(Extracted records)
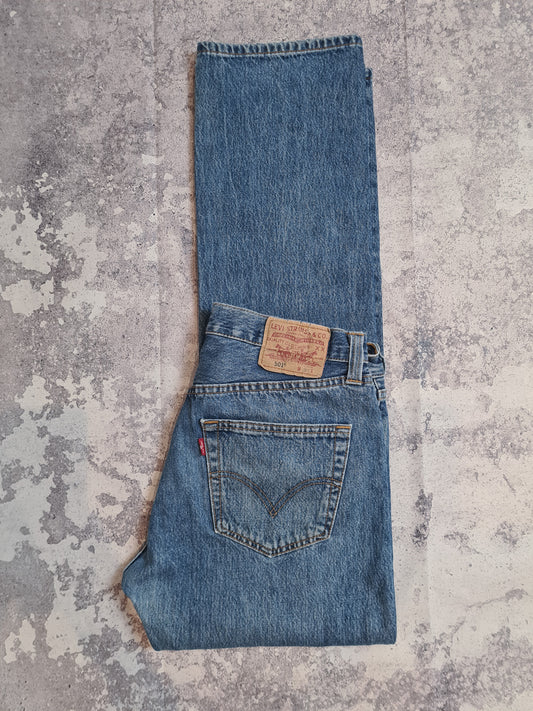 Vintage Levi's 501 jeans W31 - Funky Cat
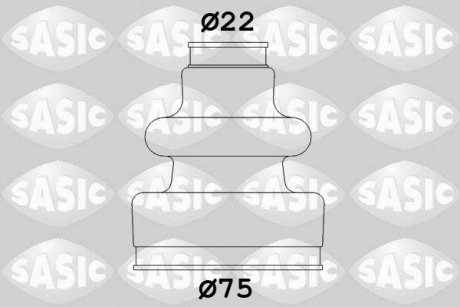 2933593 SASIC Ремонтный комплект пыльника шРУСа с элементами монтажа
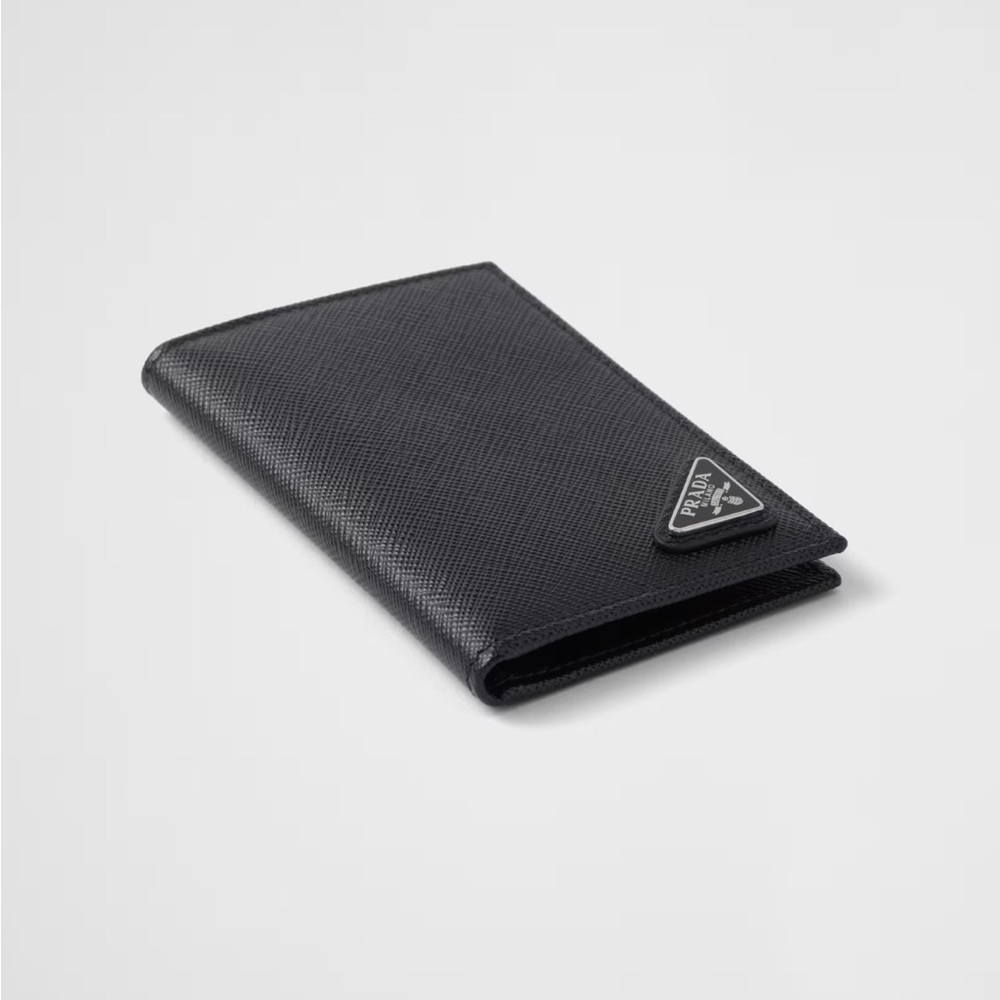 Prada Saffiano Leather Card Holder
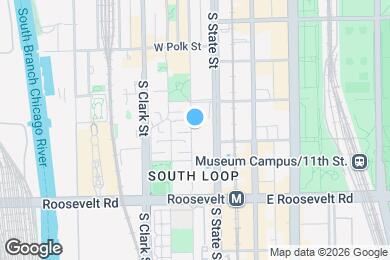 Map image of the property - 1115 S Plymouth Ct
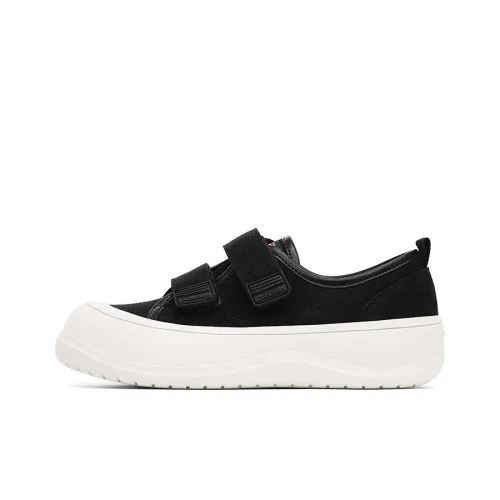 Dickies Low-Top Skateboard Shoes Women's Black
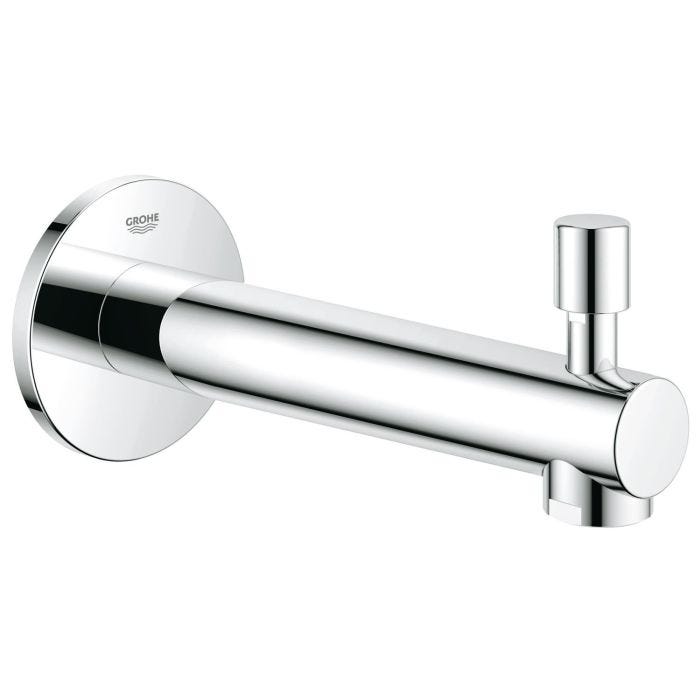 Salida para Tina de Pared con Desviador Concetto Cromada Grohe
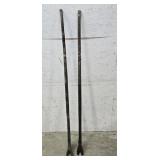 2 Railroad Spike Pullers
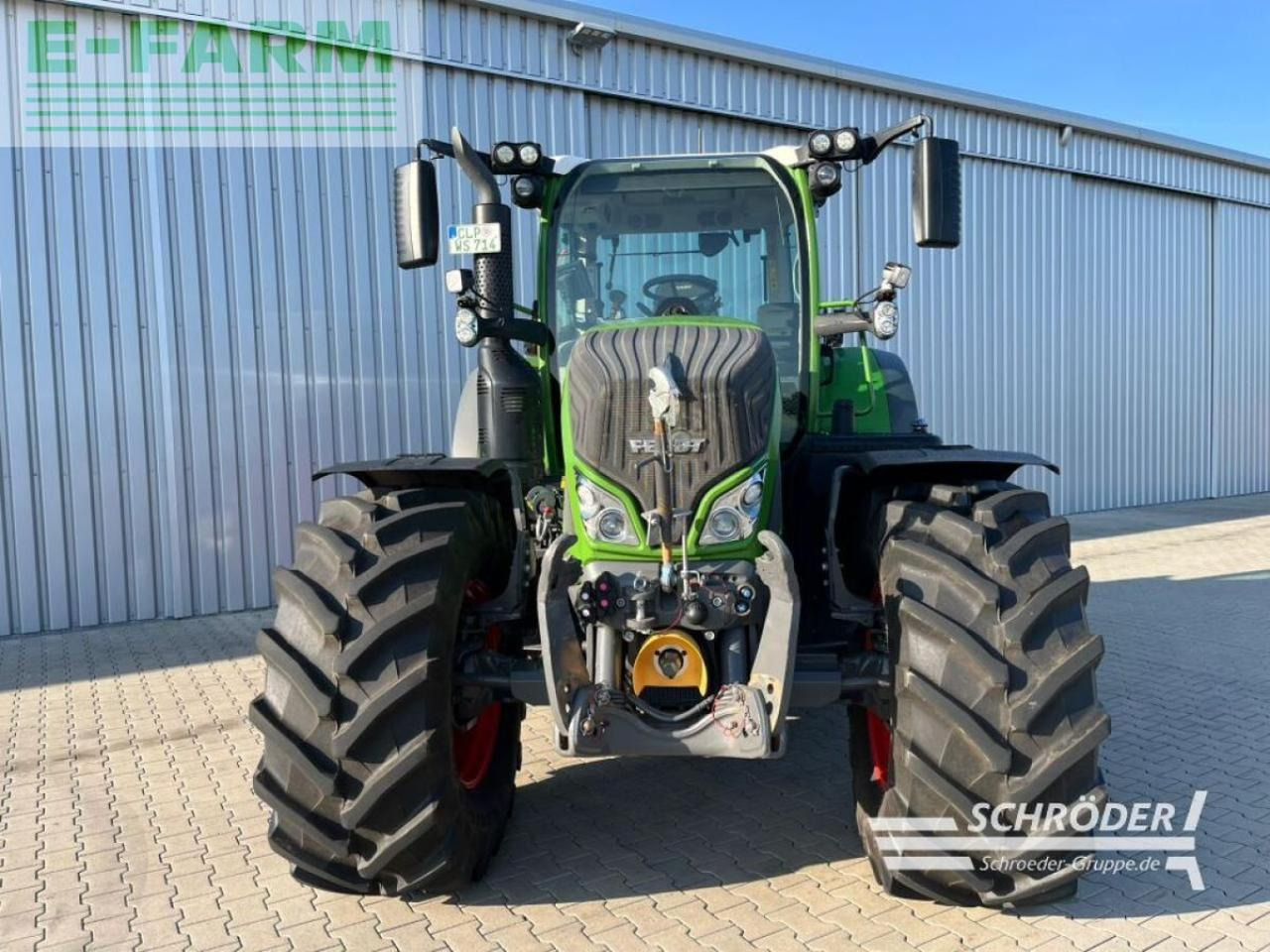 Fendt 724 vario gen6 profi plus ProfiPlus - Трактор: фото 5 Fendt 724 vario gen6 profi plus ProfiPlus - Трактор: фото 5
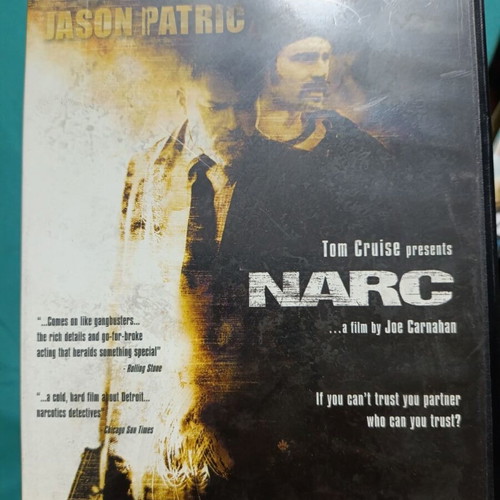 Narc DVD like new original from videoclub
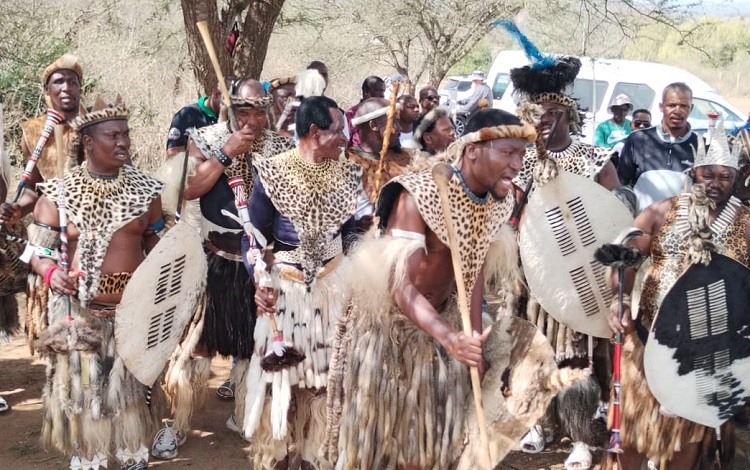 AmaZulu-regiment onthou Buthelezi deur sang voor begrafnis | News Article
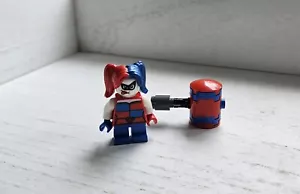 LEGO DC Batman Mighty Micros Harley Quinn Minifigur mit Hammer (76092) sh493 - Bild 1 von 2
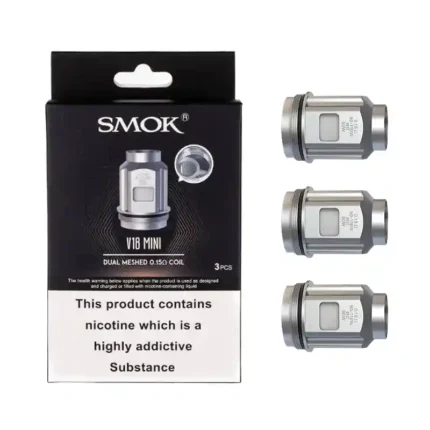 Smok TFV18 Mini Coils Replacement 0-15ohm | Guardian Vape Shop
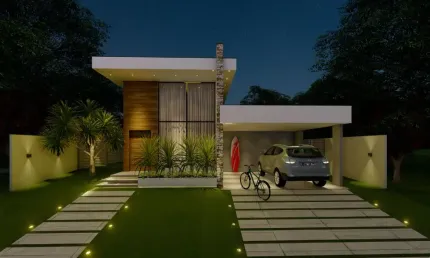 Casa em condomínio fechado com 3 quartos à venda no Alphaville, Rio das Ostras 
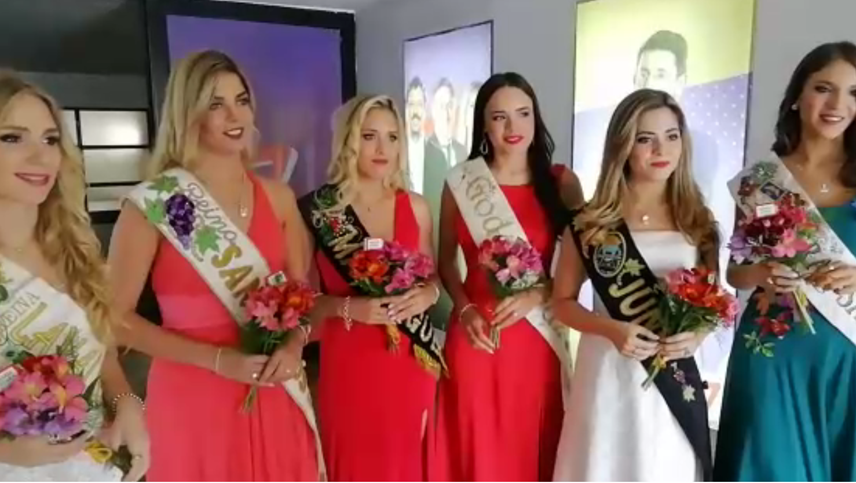 Conocé todos los secretos de las 18 candidatas a Reina Nacional de la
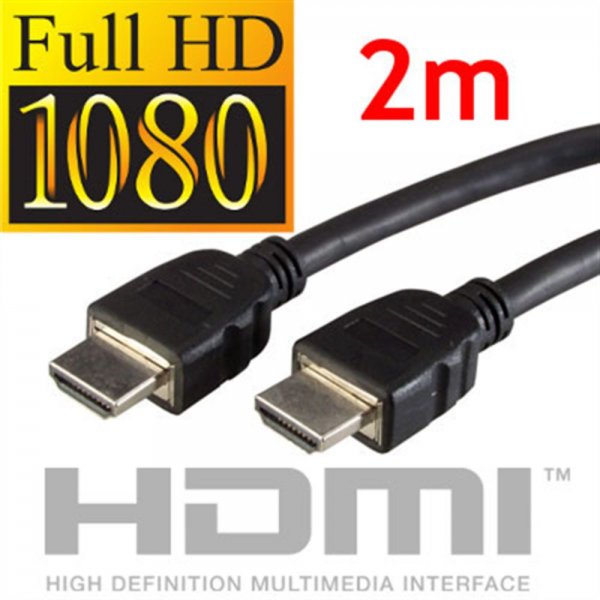 Value HDMI Kabel 1.3b Anschlusskabel St/St 1080p 2m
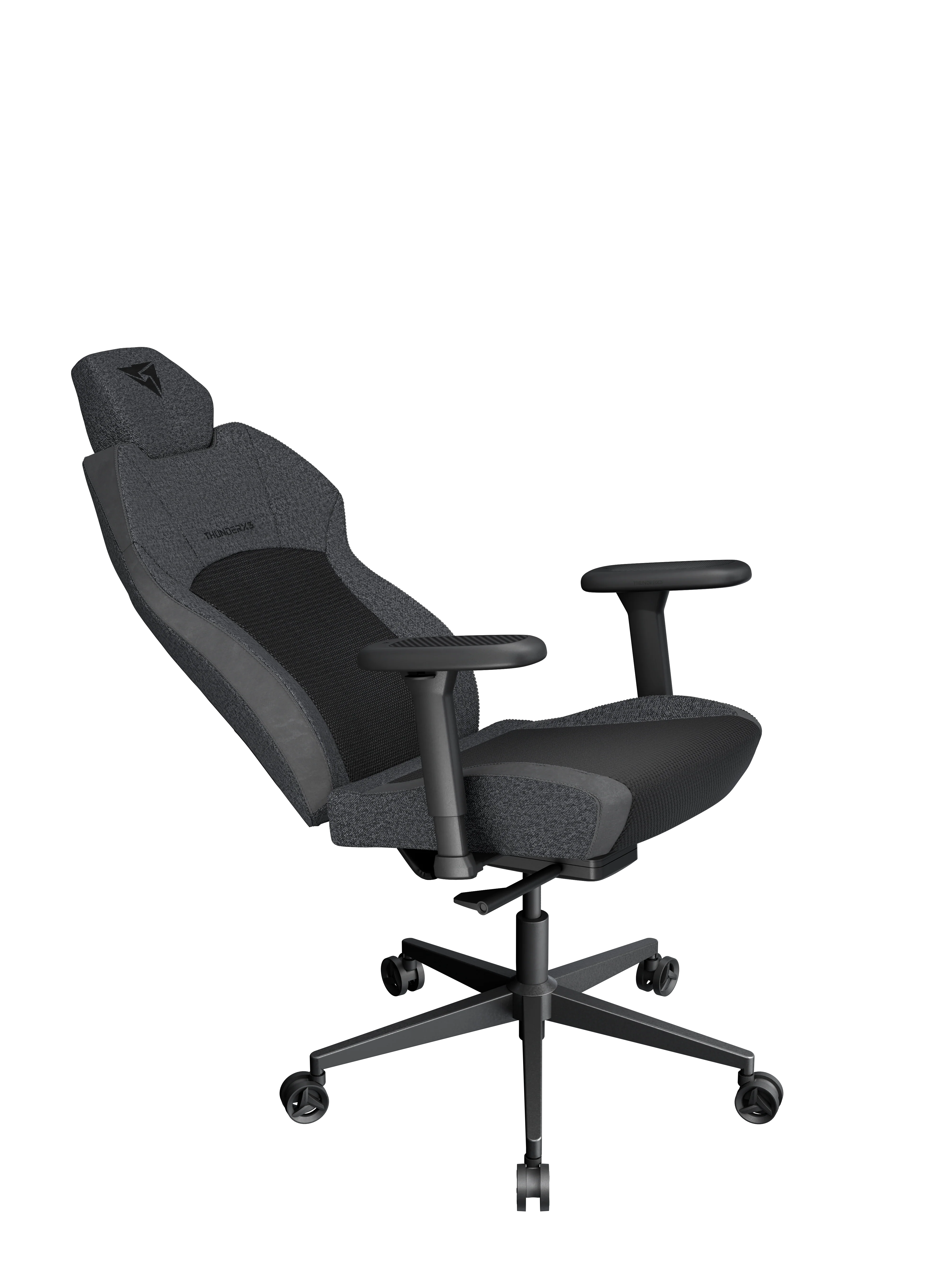 ThunderX3 TX3 SOLO – Mesh Black Kontorstol med SYNC4 og 6D Justering (125 kg max)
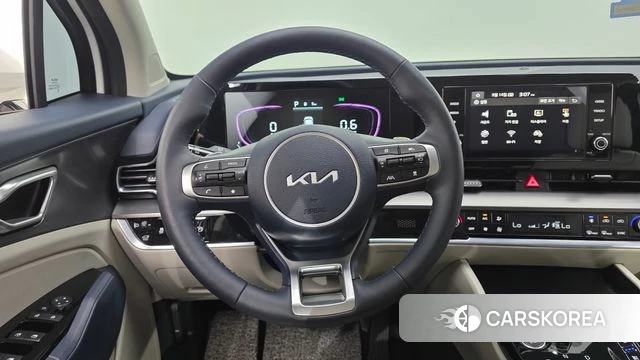 Kia Sportage 5th Generation 2024 Белый из Кореи, фото 5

*WHAT THE TASK REQUIRES:* Each line from the start of the entries above through the line with "фото 5 Fendt" should be duplicated exactly, leaving out the pictures.

*SOLUTION:*
 Vintage Levi's 501 jeans W31 - Funky Cat
 2933593 SASIC Ремонтный комплект пыльника шРУСа с элементами монтажа
 Prada Saffiano Leather Card Holder
 Map image of the property - 1115 S Plymouth Ct
 Dickies Low-Top Skateboard Shoes Women's Black
 Salida para Tina de Pared con Desviador Concetto Cromada Grohe
 2 Railroad Spike Pullers
 Fendt 724 vario gen6 profi plus ProfiPlus - Трактор: фото 5 Fendt 724 vario gen6 profi plus ProfiPlus - Трактор: фото 5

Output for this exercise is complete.